§ **AVAILABLE DATA**
----
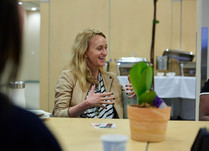 Woman engaged in conversation around a table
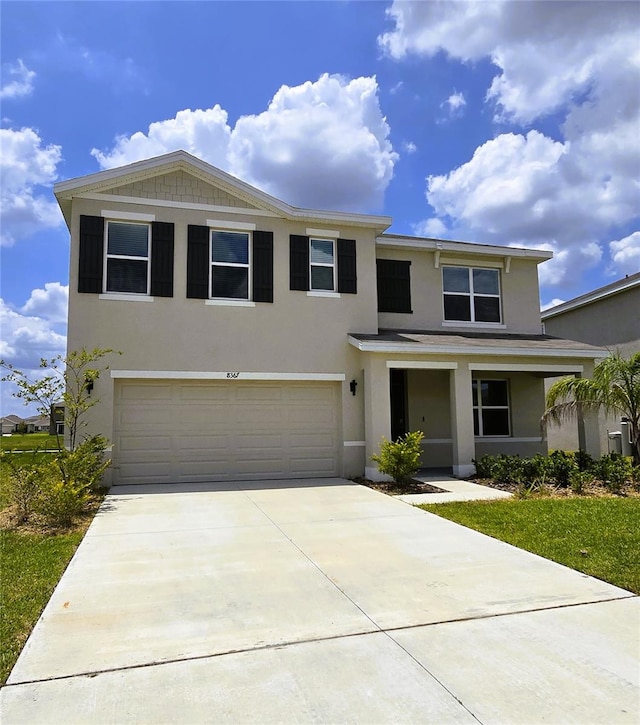 8367 Ender Hills Dr, Wesley Chapel, FL 33545 - view of front of property with a garage, stucco siding, and concrete driveway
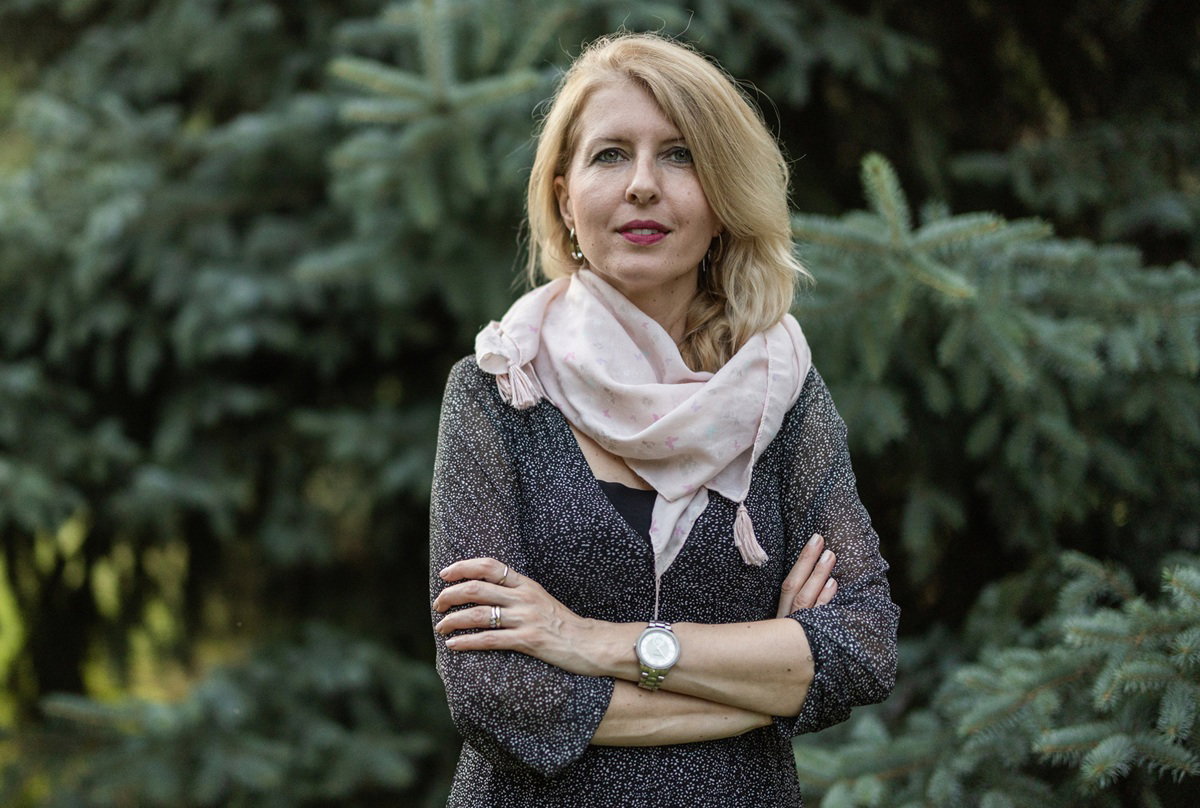 kobieta w wieku 45 plus blondynka stoi na tle drzew iglastych lekko podminowana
----
Any images must be dropped; all other material is to be printed exactly.

 Woman engaged in conversation around a table
 8367 Ender Hills Dr, Wesley Chapel, FL 33545 - view of front of property with a garage, stucco siding, and concrete driveway
 kobieta w wieku 45 plus blondynka stoi na tle drzew iglastych lekko podminowana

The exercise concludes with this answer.